Example with $I_3 = 1$ — In this case, all accessible informations are equal to 1, corresponding to the fact that the input basis $\vert \pm\rangle$ is transmitted with maximal redundancy on the output states. The accessible tripartite informations are correspondingly also all maximal, showing that this isometry is as non-scrambling as one can be. More explicitly: equation (19)

$$\begin{align} I_{\mathrm{acc}}(R:1) &= I_{\mathrm{acc}}(R:2) = I_{\mathrm{acc}}(R:3) = 1, \nonumber\\ I_{\mathrm{acc}}(R:12) & = I_{\mathrm{acc}}(R:13) = I_{\mathrm{acc}}(R:23) = 1. \end{align} \tag{ 34 }$$

In this case all accessible tripartite informations are $I_3^{\mathrm{acc}}(R:i:j) = 1$.

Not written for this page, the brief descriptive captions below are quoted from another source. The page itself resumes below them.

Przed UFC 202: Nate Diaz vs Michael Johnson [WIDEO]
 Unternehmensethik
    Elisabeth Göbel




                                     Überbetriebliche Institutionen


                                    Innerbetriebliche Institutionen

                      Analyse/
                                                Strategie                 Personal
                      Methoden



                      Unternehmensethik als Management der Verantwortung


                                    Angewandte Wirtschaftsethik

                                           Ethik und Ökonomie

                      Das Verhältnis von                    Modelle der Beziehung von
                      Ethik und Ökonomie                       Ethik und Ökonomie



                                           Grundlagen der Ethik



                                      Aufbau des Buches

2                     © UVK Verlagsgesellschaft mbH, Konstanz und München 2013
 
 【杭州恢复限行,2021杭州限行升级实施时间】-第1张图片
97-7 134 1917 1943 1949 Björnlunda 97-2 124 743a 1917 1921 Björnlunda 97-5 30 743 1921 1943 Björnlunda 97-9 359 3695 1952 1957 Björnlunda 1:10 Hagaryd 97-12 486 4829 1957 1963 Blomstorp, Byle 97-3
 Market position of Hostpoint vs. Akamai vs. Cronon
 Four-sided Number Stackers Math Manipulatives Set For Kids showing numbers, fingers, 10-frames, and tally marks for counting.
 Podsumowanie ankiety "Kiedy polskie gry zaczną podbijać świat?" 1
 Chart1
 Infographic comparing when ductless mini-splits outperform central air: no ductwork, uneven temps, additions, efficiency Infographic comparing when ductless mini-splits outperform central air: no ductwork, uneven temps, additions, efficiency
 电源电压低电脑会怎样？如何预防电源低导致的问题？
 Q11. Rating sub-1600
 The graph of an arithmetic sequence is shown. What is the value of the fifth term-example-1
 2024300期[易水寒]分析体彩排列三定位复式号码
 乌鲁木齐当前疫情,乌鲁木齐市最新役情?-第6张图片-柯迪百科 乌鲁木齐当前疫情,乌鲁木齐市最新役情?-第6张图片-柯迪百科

Example with $I_3 = -1$ — Let us now consider again the toy example in equation (21), which gave $I_3 = -1$. The individual accessible informations are

$$\begin{align} I_{\mathrm{acc}}(R:1) &= I_{\mathrm{acc}}(R:2) = 0, \quad I_{\mathrm{acc}}(R:3) = 1,\nonumber \\ I_{\mathrm{acc}}(R:12) &= I_{\mathrm{acc}}(R:13) = I_{\mathrm{acc}}(R:23) = 1, \end{align} \tag{ 35 }$$

and the accessible tripartite informations read

$$\begin{align} I_3^{\,{\mathrm{acc}}}(R\!:\!1\!:\!2) &= {-}1, \;\; I_3^{\,{\mathrm{acc}}}(R\!:\!2\!:\!3){=}I_3^{\,{\mathrm{acc}}}(R\!:\!1\!:\!3){=}0 \nonumber\\ I_3^{\,{\mathrm{acc}}}(R\!:\!1\!:\!23) &= I_3^{\,{\mathrm{acc}}}(R\!:\!2\!:\!13) {=} 0,\,\, I_3^{\,{\mathrm{acc}}}(R\!:\!12\!:\!3) {=} 1 \end{align} \tag{ 36 }$$

These results are consistent with the information about input states being encoded redundantly in both third and first two qubits. Note that these values of $I_3^{\,{\mathrm{acc}}}$ are not all independent from one another: for example, $I_3^{\,{\mathrm{acc}}}(R:12:3) = 1$ and $I_3^{\,{\mathrm{acc}}}(R:1:3) = I_3^{\,{\mathrm{acc}}}(R:2:3) = 0$ tell us that the input is encoded in both third and first two qubits, but that measuring only second or third qubits individually we do not find the same redundancy; it must then follow that the encoding in the first two qubits is nonlocal, as then verified by $I_3^{\,{\mathrm{acc}}}(R:1:2) = -1$.